Being a Newfoundlander of Irish decent, it should come as no surprise that a main staple in my house is the potato. If you’ve been reading all semester, you will have recognized an ongoing theme—food that you can customize is always better than any other food. Well, the same applies to potatoes.
Now, I will say that growing up I was limited to the three types mentioned in the title—boiled, mashed, and in something. However, since moving out on my own and longing for something a little more flavorful, I started experimenting with what you can do with a potato to add to the meal.
There are a few reasons why people might be reluctant to cook with potatoes. The first being the health reasons. In recent years, folks have been really hard on the poor potato, placing at a relatively high level on the Glycemic Index (GI). The GI is a measurement of how much of the sugars are converted into glucose in the body, so it’s no wonder that people aiming to cut out foods would cut out potato.
However, even on that level, it is still better to eat a complex carb like a potato, rather than a simple carb like crackers, as the potato will satisfy the body’s need for sugars for a longer period of time with added nutritional benefits. Potatoes are an excellent source of vitamin C (especially when cooked with the skin), can have a positive effect on blood pressure, and are also a good source of fibre, to name only a few benefits. My personal opinion is that anything is okay in appropriate amounts. No, I won’t have a plate of potato every night for supper, but as a side to a meal 2-3 times a week; it isn’t going to hurt you.
Another is the fact that in order to buy potatoes, you generally have to buy an entire five or 10 pound bag.
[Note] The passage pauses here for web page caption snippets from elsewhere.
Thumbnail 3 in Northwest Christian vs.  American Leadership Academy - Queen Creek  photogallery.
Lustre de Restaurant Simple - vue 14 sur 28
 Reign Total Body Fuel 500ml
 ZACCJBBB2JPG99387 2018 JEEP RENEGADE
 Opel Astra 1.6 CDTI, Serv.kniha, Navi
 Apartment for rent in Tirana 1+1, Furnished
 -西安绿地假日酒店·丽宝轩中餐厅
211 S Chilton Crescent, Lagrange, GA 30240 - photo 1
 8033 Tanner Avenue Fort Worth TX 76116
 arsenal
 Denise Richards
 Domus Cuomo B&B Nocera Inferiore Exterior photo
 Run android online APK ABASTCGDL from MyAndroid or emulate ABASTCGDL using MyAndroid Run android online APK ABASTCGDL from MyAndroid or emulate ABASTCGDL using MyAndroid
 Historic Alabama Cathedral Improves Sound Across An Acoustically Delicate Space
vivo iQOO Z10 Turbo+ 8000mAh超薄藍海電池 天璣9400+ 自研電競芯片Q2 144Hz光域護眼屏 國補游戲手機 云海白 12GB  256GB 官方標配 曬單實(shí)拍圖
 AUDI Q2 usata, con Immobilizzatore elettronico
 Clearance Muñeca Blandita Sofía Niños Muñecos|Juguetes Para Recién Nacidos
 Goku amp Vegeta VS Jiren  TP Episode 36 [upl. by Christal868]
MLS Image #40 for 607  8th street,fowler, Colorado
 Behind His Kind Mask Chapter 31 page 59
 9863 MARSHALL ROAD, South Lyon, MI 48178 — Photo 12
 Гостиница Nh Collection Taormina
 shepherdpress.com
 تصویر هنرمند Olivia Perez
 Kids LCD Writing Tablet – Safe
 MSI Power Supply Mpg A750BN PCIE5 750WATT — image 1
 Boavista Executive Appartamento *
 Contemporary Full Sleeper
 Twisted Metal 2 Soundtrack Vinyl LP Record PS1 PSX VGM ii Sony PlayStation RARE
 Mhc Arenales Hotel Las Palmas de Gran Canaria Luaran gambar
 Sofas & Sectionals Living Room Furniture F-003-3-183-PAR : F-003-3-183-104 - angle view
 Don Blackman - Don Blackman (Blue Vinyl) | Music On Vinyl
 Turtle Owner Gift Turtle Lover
And if you’re a student cooking for one or two people, then most of that bag is going to go bad before you get the chance to eat them. A solution I recently found to this was buying bags of “roasting” potatoes. Basically, mini potatoes. You can sometimes buy them loose but you can purchase them in two pound bags. It’s proven to be a much more efficient way to purchase potatoes, as they rarely go bad. They are also a great way to control portions, as the mini-ness of them allows you to cook only what you want rather than having to cook an entire potato only to eat half of it. They also cook faster!
One of my favorite ways to cook potatoes is to roast them. Believe it or not, it hadn’t occurred to me to roast potatoes until going to a fancy Christmas party with my boyfriend’s company last year. Since then, it’s been the only way I make potatoes and change it up by using difference spies (I’ve listed my favorite recipe below). This is where my favorite theme comes back, as you can really change up the flavours based on the spices you use. Looking for something spicy? Add chili pepper. Want something sweeter? Add basil. Again, I would suggest looking up the flavours of different spices. But overall, there is a spice for everyone. The only recommendation I would make is to use olive oil over canola oil when roasting them. It adds a much nicer flavour to the final product.
So as a comfort food, a good side option, and a source of vitamins, the potato holds up. They’re a great side dish that’s easy to please guests or family, and are also easy to cook for one. In moderation, they are a great way to compliment any meal. Plus they taste awesome!
Extra Awesome Roasted Potatoes
Diced Potatoes (My favorite is yellow-flesh!)
Extra-Virgin Olive Oil
- Dice your potatoes into small wedges. This will make them easier to cook.
- Add the olive oil and toss the potatoes in a large bowl. There should be enough olive oil to lightly coat the potatoes.
- Add in the oregano, basil, and parmesan and toss the potatoes again. You don’t need a lot––just enough that the wedges are speckled with the spices and parmesan.
- Bake on a cookie sheet for 30 minutes at 400 degrees Fahrenheit. They should come out crispy and the skin on the potatoes should have darkened significantly.